California, which last carried out an execution in 2006, is one of 28 states that maintain death row, along with the US government, according to the Death Penalty Information Center. While other states like Illinois have abolished executions, California merges its sentenced inmates with the general prison population without expecting any of them to be executed anytime in the near future.

Oregon also moved its much smaller convict population to other inmate housing two years ago.

Newsom, a Democrat, imposed a moratorium on executions in 2019 and closed the state execution chamber in San Quentin, north of San Francisco. Now his administration is reversing a 2016 voter-approved initiative to speed up executions by capitalizing on a provision that allowed inmates off death row.

“The administration’s underlying motive is to bring in as many of these convicted murderers as possible,” said Michael Rushford, president of the Criminal Justice Legal Foundation, which has backed the initiative. “Our goal was to speed up the process.”

He added that he doesn’t think the victims are happy with the administration’s decision.

“They are moving convicted murderers to facilities that are going to make their lives better and provide them with more amenities, while victims are still mourning the death of a family member,” Rushford said.

Corrections officials launched a two-year voluntary pilot program in January 2020 that as of Friday had moved 116 of the state’s 673 convicted male inmates to one of seven other prisons with maximum-security facilities and surrounded deadly electrified fences.

They intend to submit a proposal for permanent regulations within weeks that would make transfers mandatory and “allow for the repurposing of all death row housing,” Waters said.

The ballot measure approved six years ago also required convicted inmates to participate in prison labor, with 70% of the money earmarked for restitution to their victims, and corrections officials said it was their goal with transfers. By the end of last year, more than $49,000 in compensation had been collected through the pilot program.

Newsom’s proposed budget for the fiscal year beginning July 1 calls for $1.5 million to find new uses for vacant condemned housing.

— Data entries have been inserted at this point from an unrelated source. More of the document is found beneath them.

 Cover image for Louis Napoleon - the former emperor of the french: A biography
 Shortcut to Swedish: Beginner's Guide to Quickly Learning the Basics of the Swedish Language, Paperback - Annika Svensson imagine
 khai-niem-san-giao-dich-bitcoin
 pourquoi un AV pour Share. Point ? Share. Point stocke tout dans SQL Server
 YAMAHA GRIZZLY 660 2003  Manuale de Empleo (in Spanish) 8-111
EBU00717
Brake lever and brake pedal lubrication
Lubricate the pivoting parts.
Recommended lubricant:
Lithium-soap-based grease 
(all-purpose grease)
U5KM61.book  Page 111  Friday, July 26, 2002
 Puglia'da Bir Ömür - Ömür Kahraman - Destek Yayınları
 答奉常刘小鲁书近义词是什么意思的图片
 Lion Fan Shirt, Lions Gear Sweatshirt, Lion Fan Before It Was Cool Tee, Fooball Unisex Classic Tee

He notes that death row and its ancillary activities are in the same area as the facilities used for San Quentin’s medium-security inmate rehabilitation programs. The money would be used to hire a consultant to ‘develop options for (the) space focused on creating a positive and healing environment to provide more opportunities for rehabilitation, education and health care’ .

San Quentin’s $853,000 never-used execution chamber is in a separate area of ​​the prison, and there are no plans to “reuse” that area, Waters said.

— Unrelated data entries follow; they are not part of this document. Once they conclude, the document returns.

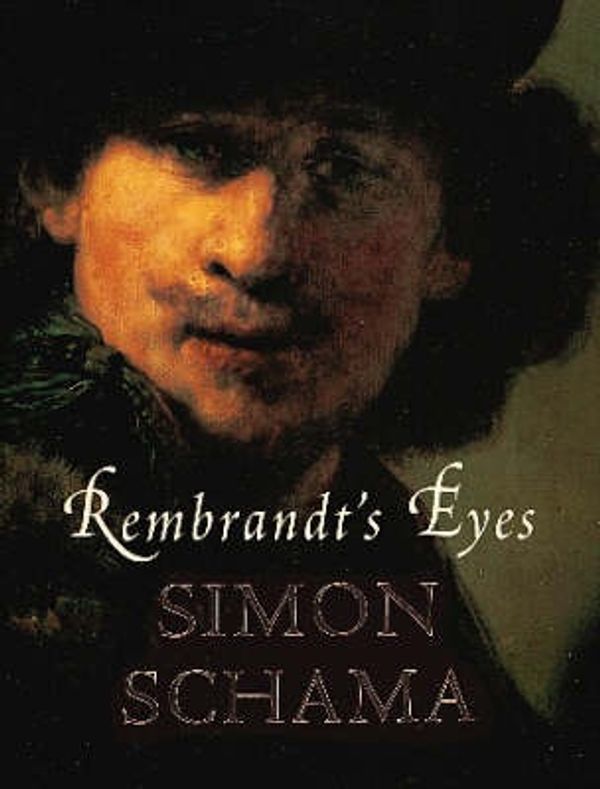 Cover Art for 9780713993844, Rembrandt's Eyes by Simon Schama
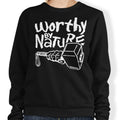 Worthy by Nature - Adult & Kids T-Shirts, Sweatshirts & Hoodies apparel design preview 1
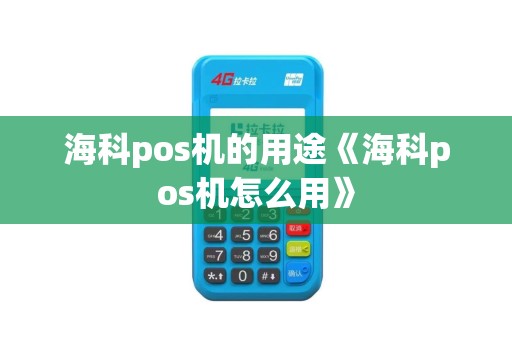 海科pos机的用途《海科pos机怎么用》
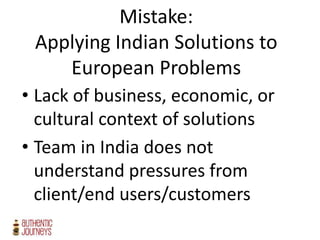 Mistake:
Applying Indian Solutions to
European Problems
• Lack of business, economic, or
cultural context of solutions
• Team in India does not
understand pressures from
client/end users/customers
 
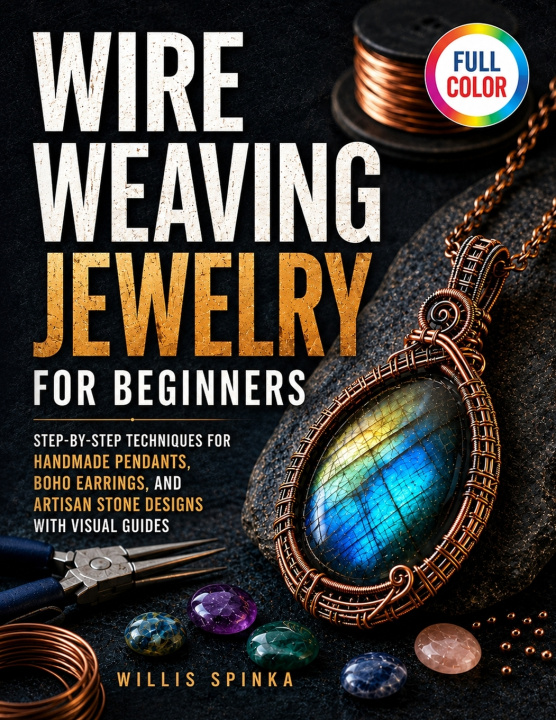 Buch Wire Weaving Jewelry for Beginners Willis Spinka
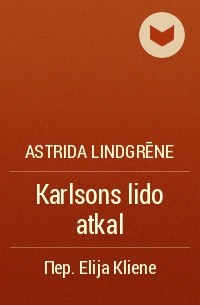 Astrida Lindgrēne - Karlsons lido atkal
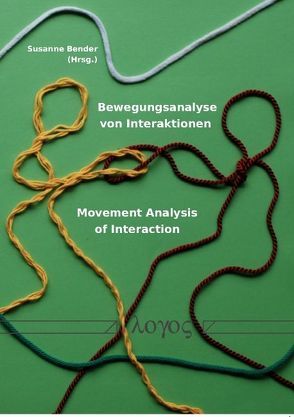 Bewegungsanalyse von Interaktionen — Movement Analysis of Interaction von Bender,  Susanne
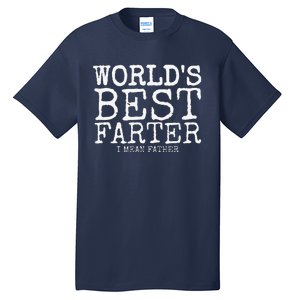 Funny Fathers Day Gifts Worlds Best Farter I Mean Tall T-Shirt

California voters supported the death penalty in 2012 and 2016, although legislative opponents have said they hope to bring the issue back to voters in future years. An advisory group to Newsom and lawmakers, the Penal Code Review Committee, in November became the latest to recommend repeal of the death penalty, calling it “irreparable”.

Under the state transfer program, sentenced prisoners transferred to other prisons may be placed in solitary confinement or disciplinary solitary confinement if authorities decide they cannot be safely housed with others, although that they are supposed to be interspersed with other inmates. Death row inmates are housed one per cell, but transferred inmates may be housed with others if deemed safe.

“There were no safety issues and no major disciplinary issues arose,” Waters said.

When it comes to jobs and other rehabilitation activities, convicts outside of death row are treated the same as inmates serving a life sentence without the possibility of parole. . This includes a variety of jobs such as maintenance and administrative duties, according to prison officials.

Sentenced inmates are counted more often and are constantly monitored during activities, officials said.

Under current rules, convicted prisoners can be transferred unless they are in restricted accommodation for disciplinary reasons, have charges pending or have been convicted of certain disciplinary offenses during of the past five years.

But they are also “carefully screened to determine whether they can safely participate in the program,” according to the department. This includes such things as each inmate’s security level, medical, psychiatric and other needs, behaviour, security concerns and notoriety.

Convicted inmates are housed at the Central California Women’s Facility in Chowchilla. They can be moved to less restrictive accommodation within the same prison, and eight of the 21 have done so.

Men can be transferred to the California Correctional Institution; California Medical Institution; California State Prison, Corcoran; Centinela State Prison; Kern Valley State Prison; Richard J. Donovan Correctional Institution; or Salinas Valley State Prison.